ログの収集・分析には、さまざまな機器からログ収集や一元管理が可能な「SIEM (Security Information and Event Management)」が最適です。SIEMを導入することで、収集したログから不審な通信・ユーザーの動きなどを検知できます。さらに、複数の機器からログを収集して関係性を探る「相関分析」も可能です。相関分析には、脅威インテリジェンスを利用した「脅威検知」や、機械学習を利用して異常を検知する「アノマリ検知」の手法が存在します。これらの検知ルールは、社内で自由にカスタマイズ可能です。
ゼロトラストを実現させるためのポイント
ゼロトラストを実現させるためには、企業全体で計画を立て、長期にわたって継続的に取り組む必要があります。この章では、ゼロトラストを実現させるためのポイントを解説します。
ゼロトラストを推進するための体制づくりから始める
ゼロトラストセキュリティを新たに導入する場合、これまでよりも認証に時間・手間がかかるケースが多く、社員から苦情が出る可能性が高くなります。そのため、まずはゼロトラスト実現の取り組みが、企業にとって重要であることを社員に理解してもらうことが重要です。その上で、ゼロトラストを推進するための体制づくりから始めていきましょう。

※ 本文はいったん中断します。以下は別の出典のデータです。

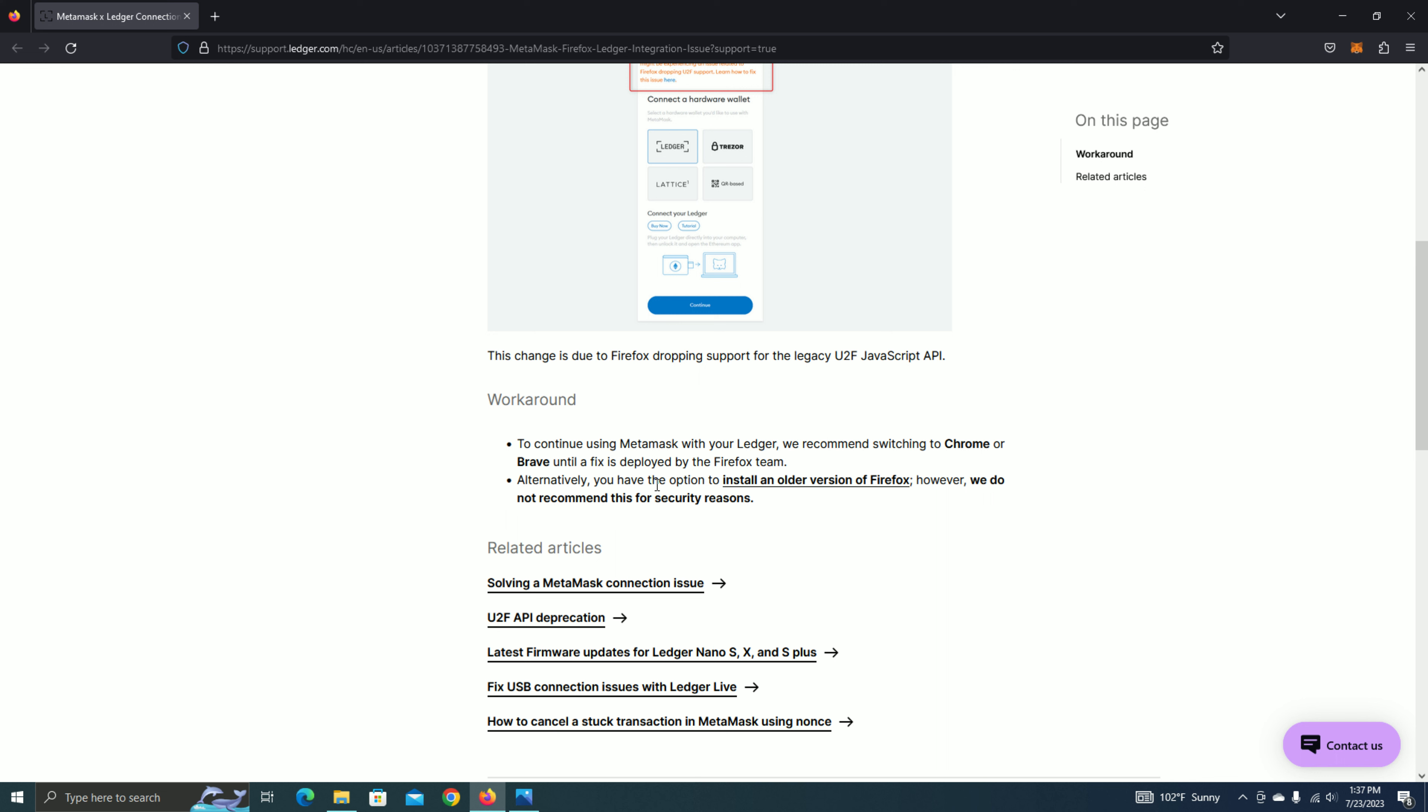Another option is you can install an older version of Firefox, but they don't recommend this because of security reasons. Just keep an eye. Hopefully, they'll fix this, because I do like using Firefox over the other browsers, but it's just more of an inconvenience.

また、ゼロトラストセキュリティを導入する際には、新しいITサービスやツールの導入費用など、多大なコストがかかります。そのため、ゼロトラストセキュリティの必要性を経営層に説明し、予算を確保しなければなりません。予算の確保も初期段階で行うようにしましょう。
ゼロトラストの仕組みを構築する
実際にゼロトラストの仕組みを構築するためには、クラウド上のアクセス管理・監視の徹底が必要不可欠です。どの端末がどのクラウドにアクセスしているかを把握し、アクセスしている端末の挙動を監視することで、不審な挙動や端末の状態を可視化できます。アクセス管理や機器の監視には「ID管理」や「SSO」、「MDM」などのソリューションが最適です。

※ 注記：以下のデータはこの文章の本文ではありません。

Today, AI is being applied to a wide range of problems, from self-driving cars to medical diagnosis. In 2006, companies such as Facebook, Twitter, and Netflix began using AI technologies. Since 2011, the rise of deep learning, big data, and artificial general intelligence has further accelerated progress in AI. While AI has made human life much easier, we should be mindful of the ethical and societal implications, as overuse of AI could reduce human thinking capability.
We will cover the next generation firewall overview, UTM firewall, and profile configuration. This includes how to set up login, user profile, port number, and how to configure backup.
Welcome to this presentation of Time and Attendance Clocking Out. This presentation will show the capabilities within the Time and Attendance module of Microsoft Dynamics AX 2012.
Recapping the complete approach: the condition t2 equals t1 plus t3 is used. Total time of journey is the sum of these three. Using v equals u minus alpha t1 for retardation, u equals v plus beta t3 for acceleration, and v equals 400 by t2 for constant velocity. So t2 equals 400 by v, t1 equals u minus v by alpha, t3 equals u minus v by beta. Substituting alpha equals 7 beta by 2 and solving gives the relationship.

加えて、エンドポイントごとに適切なセキュリティ対策を講じることも重要です。社内データやネットワークだけではなく、端末自体のセキュリティを強化しなければなりません。「EDR」を導入すれば、さまざまな場所にあるエンドポイントデバイスをまとめて監視できます。
定期的に見直しを行う
セキュリティリスクは常に変化しており、一度設定したセキュリティ対策がそのまま通用するとは限りません。定期的に見直しを行い、その都度最適なセキュリティ対策を講じることで、ゼロトラストセキュリティを実現できるでしょう。
まとめ
巧妙化・高度化しているサイバー攻撃に対応するためには、従来のセキュリティ対策だけでは不十分です。ゼロトラストセキュリティを導入することで、社内のセキュリティレベル向上や、セキュリティ管理の効率化など、さまざまなメリットを得られます。ゼロトラストセキュリティを実現するためのソリューションは数多く存在するため、自社の環境や規模、目的に適したソリューションを導入しましょう。